There are two main things to worry about when a tropical storm or hurricane comes through: high winds causing flying debris and rain and the storm surge flooding your home. Both aspects of the storm can be devastating to homeowners in coastal areas who stand to lose their belongings and their houses in just a few hours.
While you can’t guarantee that your home will be protected from a storm, you can take steps to secure everything in your control. Follow these steps to mitigate the effects of storm damage.
Protect your electrical system from the elements.
Your electrical system is your lifeline and source of comfort during the storm. It keeps your air conditioning running and preserves the food in your refrigerator. You can’t control when the city power lines go down, but you can protect the wires in your house.
Ahead of the storm season, call an electrician to evaluate your home. Different electricians will have specialties based on your area. For example, Albuquerque electricians will be able to help you prepare for flash floods, while Tampa electricians can offer advice on hurricane preparedness and humidity.
You need to get any electrical service done before a storm hits; that way, you don’t lose power or face a fire risk.
Identify the most high-risk items in your home.
Ahead of a storm, look around your home and yard to determine the most important items to protect. While it may be frustrating to replace a patio table, it’s not nearly as expensive as replacing a car.
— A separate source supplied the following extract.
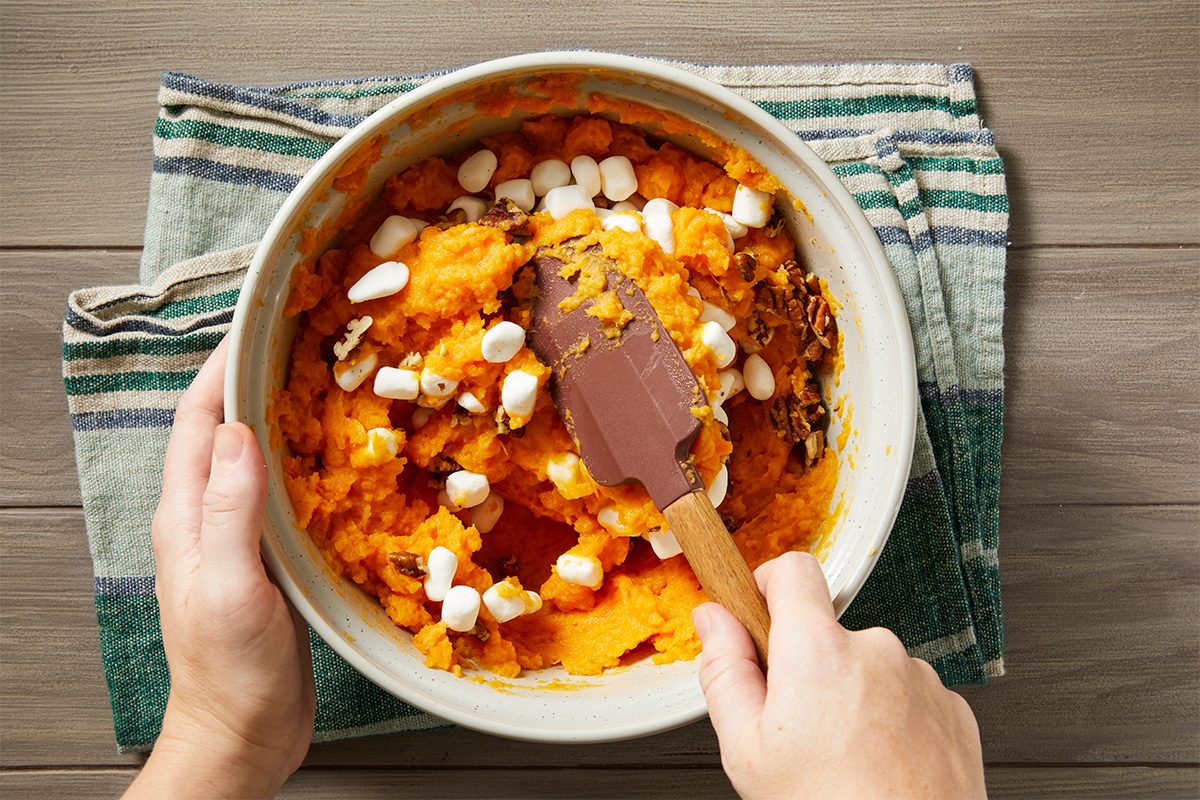 Overhead shot of a person mixing mashed sweet potatoes and mini marshmallows in a bowl with a spatula, set on a striped kitchen towel atop a wooden surface;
Make sure the most important items are secured. This could mean storing your car in a friend’s garage or bringing items from the outside into your living area. The first time you go through this process might be overwhelming, but many locals have years of experience with large storms and will be eager to help.
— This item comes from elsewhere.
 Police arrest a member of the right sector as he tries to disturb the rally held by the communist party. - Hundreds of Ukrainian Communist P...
After the storm passes, evaluate your property damage. What items did you miss? What hazards need to be secured differently? Keep these notes in mind as they will be key steps to help avoid damage during the next storm.
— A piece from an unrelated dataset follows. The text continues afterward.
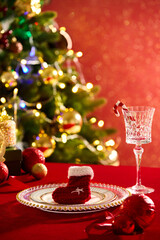 A woolen Christmas sock is placed on a round dish, displayed with baubles and a wine glass...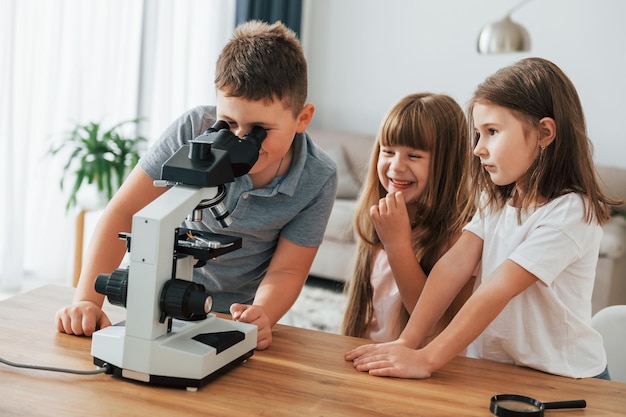 Mit Mikroskop Kinder, die sich tagsüber gemeinsam im Wohnzimmer vergnügen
Start planning during the dry season.
Don’t wait until there is a hurricane watch in your area to create a plan. During a major storm, people start to panic. This is why you see videos of Americans fighting over generators or frantically grabbing water jugs at the last minute.
The time to prepare for a storm is in early spring. Put together an emergency kit of non-perishable food items that can last you two weeks (you can donate these to a food bank after the storm season ends). Make sure you have flashlights with extra batteries and little conveniences like portable fans and puzzles to stay entertained. You may even want to invest in plywood to cover your windows from debris caused by high winds.
When the severe storm is getting closer, pull together items like your passports and birth certificates so they won’t get lost in the floodwaters. Having these on hand will be useful in the event of an evacuation.
Listen to local government agencies.
Follow the guidelines of your local leaders ahead of a storm. Know when you need to evacuate because of a hurricane and when you need to seek shelter because of high winds.
Ahead of storm season, these agencies will likely distribute checklists and best practices ahead of a storm. By following these, you can make sure your home is protected and your family is safe.
There’s no reason to panic when there’s a hurricane watch in your area. If you take steps now to protect your home from debris and water hazards, then you should be able to ride out the storm safely.